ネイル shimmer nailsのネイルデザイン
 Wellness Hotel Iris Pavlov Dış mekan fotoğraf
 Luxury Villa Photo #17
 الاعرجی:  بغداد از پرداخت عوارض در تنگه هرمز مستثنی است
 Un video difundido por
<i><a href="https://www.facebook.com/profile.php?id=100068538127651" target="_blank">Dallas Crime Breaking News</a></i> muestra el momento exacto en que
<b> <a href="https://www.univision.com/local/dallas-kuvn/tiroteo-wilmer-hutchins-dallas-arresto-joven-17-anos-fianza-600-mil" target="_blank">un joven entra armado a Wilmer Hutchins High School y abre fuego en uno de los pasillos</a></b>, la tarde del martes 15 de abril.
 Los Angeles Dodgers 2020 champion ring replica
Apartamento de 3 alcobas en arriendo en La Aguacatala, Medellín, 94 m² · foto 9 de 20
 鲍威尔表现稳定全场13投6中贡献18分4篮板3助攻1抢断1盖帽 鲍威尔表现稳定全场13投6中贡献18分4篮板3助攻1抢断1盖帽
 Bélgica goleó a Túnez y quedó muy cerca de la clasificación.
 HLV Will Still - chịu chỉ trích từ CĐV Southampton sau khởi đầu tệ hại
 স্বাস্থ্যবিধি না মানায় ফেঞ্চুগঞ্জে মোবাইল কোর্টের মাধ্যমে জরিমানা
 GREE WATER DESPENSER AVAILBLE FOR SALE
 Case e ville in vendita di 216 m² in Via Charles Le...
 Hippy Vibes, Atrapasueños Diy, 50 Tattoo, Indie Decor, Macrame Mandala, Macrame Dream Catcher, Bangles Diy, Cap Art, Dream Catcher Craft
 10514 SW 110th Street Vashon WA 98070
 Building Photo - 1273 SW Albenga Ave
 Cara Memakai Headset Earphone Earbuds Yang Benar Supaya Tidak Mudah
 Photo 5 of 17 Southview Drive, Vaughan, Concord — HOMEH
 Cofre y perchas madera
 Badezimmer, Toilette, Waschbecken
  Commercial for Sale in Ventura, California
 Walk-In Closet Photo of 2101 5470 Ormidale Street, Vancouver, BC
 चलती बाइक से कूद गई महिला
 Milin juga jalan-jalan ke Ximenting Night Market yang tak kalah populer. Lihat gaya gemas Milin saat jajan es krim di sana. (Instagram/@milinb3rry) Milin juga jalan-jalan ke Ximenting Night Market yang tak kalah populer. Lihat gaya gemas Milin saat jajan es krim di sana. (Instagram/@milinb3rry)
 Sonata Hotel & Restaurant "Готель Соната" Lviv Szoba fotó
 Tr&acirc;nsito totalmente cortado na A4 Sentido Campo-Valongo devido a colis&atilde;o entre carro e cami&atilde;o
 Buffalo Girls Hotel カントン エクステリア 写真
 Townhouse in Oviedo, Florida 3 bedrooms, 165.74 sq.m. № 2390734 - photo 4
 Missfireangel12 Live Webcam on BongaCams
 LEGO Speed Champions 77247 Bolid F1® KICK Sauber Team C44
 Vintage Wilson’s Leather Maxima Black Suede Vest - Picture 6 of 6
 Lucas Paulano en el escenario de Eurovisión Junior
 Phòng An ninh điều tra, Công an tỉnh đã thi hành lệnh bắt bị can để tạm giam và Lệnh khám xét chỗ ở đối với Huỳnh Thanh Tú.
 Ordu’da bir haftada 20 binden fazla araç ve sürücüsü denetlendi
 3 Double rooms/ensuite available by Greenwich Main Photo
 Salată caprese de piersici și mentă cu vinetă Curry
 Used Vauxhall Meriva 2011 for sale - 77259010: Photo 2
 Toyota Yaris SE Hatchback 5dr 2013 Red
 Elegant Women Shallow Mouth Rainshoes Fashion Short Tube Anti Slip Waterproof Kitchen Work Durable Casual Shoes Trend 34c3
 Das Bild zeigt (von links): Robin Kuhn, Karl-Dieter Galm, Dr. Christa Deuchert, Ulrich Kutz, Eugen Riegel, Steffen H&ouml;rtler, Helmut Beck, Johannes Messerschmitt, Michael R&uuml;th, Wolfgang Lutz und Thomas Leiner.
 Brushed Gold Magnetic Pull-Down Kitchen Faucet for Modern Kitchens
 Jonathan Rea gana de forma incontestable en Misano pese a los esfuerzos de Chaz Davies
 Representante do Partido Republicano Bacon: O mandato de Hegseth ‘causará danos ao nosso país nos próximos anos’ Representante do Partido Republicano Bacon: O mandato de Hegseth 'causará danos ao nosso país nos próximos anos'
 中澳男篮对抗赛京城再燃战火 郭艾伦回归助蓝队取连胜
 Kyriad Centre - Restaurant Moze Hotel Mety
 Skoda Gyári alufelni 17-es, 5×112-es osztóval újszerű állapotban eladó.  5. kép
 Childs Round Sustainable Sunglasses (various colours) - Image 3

━━━━━━

- Work task: Go through the material above and output exactly the lines from the one containing "चलती बाइक से कूद गई महिला" through the one containing "Vintage Wilson’s Leather".

- Exercise output:
 चलती बाइक से कूद गई महिला
 Milin juga jalan-jalan ke Ximenting Night Market yang tak kalah populer. Lihat gaya gemas Milin saat jajan es krim di sana. (Instagram/@milinb3rry) Milin juga jalan-jalan ke Ximenting Night Market yang tak kalah populer. Lihat gaya gemas Milin saat jajan es krim di sana. (Instagram/@milinb3rry)
 Sonata Hotel & Restaurant "Готель Соната" Lviv Szoba fotó
 Tr&acirc;nsito totalmente cortado na A4 Sentido Campo-Valongo devido a colis&atilde;o entre carro e cami&atilde;o
 Buffalo Girls Hotel カントン エクステリア 写真
 Townhouse in Oviedo, Florida 3 bedrooms, 165.74 sq.m. № 2390734 - photo 4
 Missfireangel12 Live Webcam on BongaCams
 LEGO Speed Champions 77247 Bolid F1® KICK Sauber Team C44
 Vintage Wilson’s Leather Maxima Black Suede Vest - Picture 6 of 6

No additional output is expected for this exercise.